→ INFORMATION SHOWN

━━━

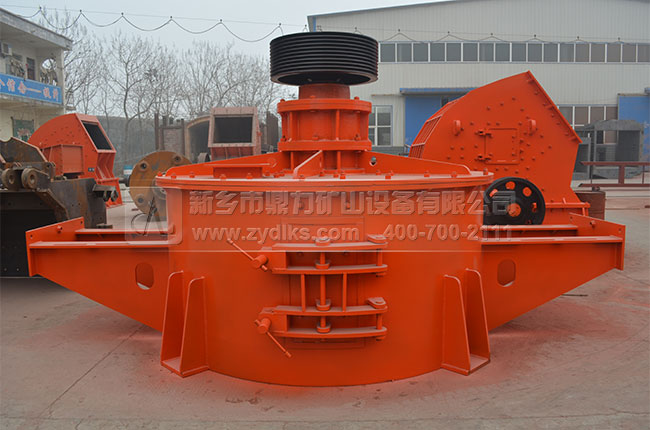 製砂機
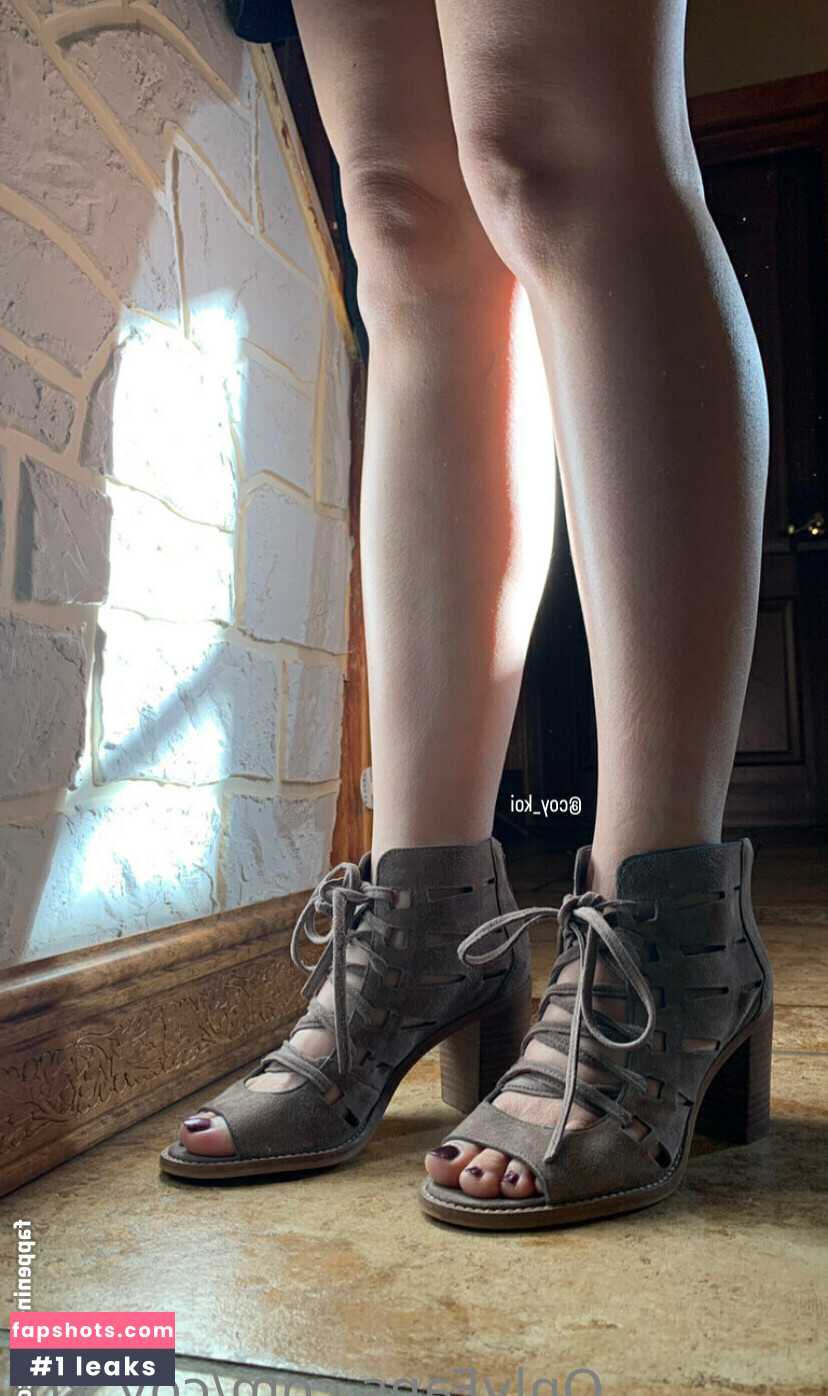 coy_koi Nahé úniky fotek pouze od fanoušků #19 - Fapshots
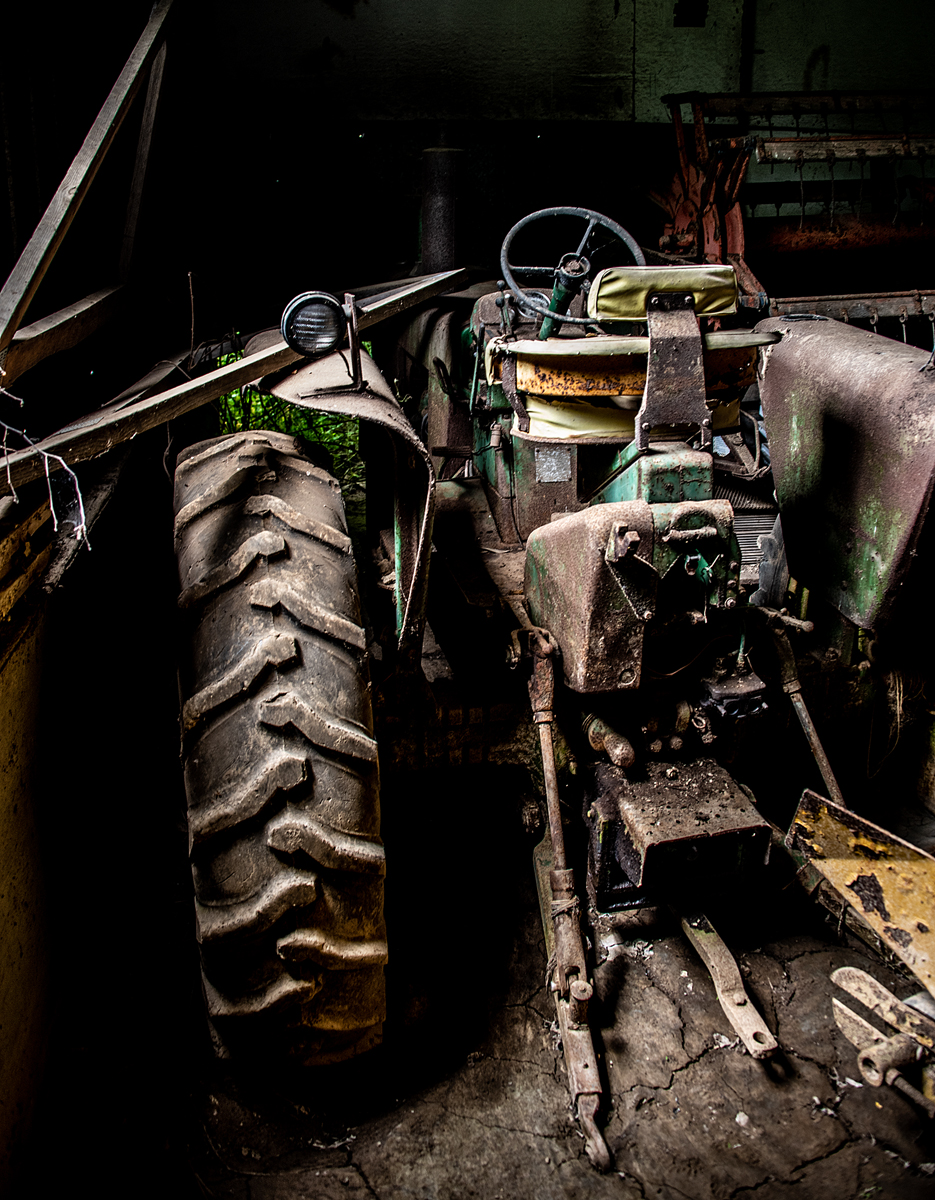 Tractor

━━━

→ HOW TO COMPLETE THIS TASK
Give back the data exactly. Pictures stay out.

→ TASK OUTPUT
 製砂機
 coy_koi Nahé úniky fotek pouze od fanoušků #19 - Fapshots
 Tractor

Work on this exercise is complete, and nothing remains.